The city exhausts me. The throngs of people, the brutal weather. The grinding of train wheels that, on the first day, I likened to John Cage in his harmonic period, became just another sonic irritant by the end. Then there’s the harsh, off-key BEEEEEK as I pass the Metrocard, only sometimes it doesn’t take and I bruise my thigh against an unyielding stile, and blue letters light—"Please Swipe Again." The sound of dropping tokens is now history and so, most startling, is the incessant honking. It used to be a constant backdrop, the unceasing contact calls of a disturbed herd of internal combustion beasts. There are signs now, actual injunctions, NO HONKING $350 FINE. Under Guilianni the proverbial trains all run on time. I may complain about the noise, but I’ve never heard the traffic in New York be so quiet.

It was a difficult week for ambitions. I feel battered, ready to be shipped back to the provinces where I belong. A complete debacle was the event that drew me out, the Irish American Cultural Institute fundraiser, where I was purported to be the featured artist. Instead, I was peripheral and neglected, and now many hundreds of dollars poorer for the effort. At the galleries, where I dropped off work, I was duly ignored. At the designated hour I returned to pick up my slides at one. Not only had they not been looked at, but they were mislaid. At last someone found them and I asked, so, where’s the light box. Oh, we don’t have one anymore, so my work got a cursory glance against the flourescents, without a loupe.

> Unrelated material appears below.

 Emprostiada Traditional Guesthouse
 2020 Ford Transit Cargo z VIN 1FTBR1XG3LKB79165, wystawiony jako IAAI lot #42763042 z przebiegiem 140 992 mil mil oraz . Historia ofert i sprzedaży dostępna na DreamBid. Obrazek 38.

At another the owner never made it into town because of the storm (wimp!).

The bright spots were the meetings at my stock agency, Photonica. After a period of drift, the place seems back on a good course, and it’s nice to be treated with respect again. I had a 2 hour lunch with the head guy, another long meeting with my editor, and a serendipitous meeting with another Photonica photographer who has a lot of book publishing experience. That encounter alone may go a long way to helping my Ireland project see the light of day.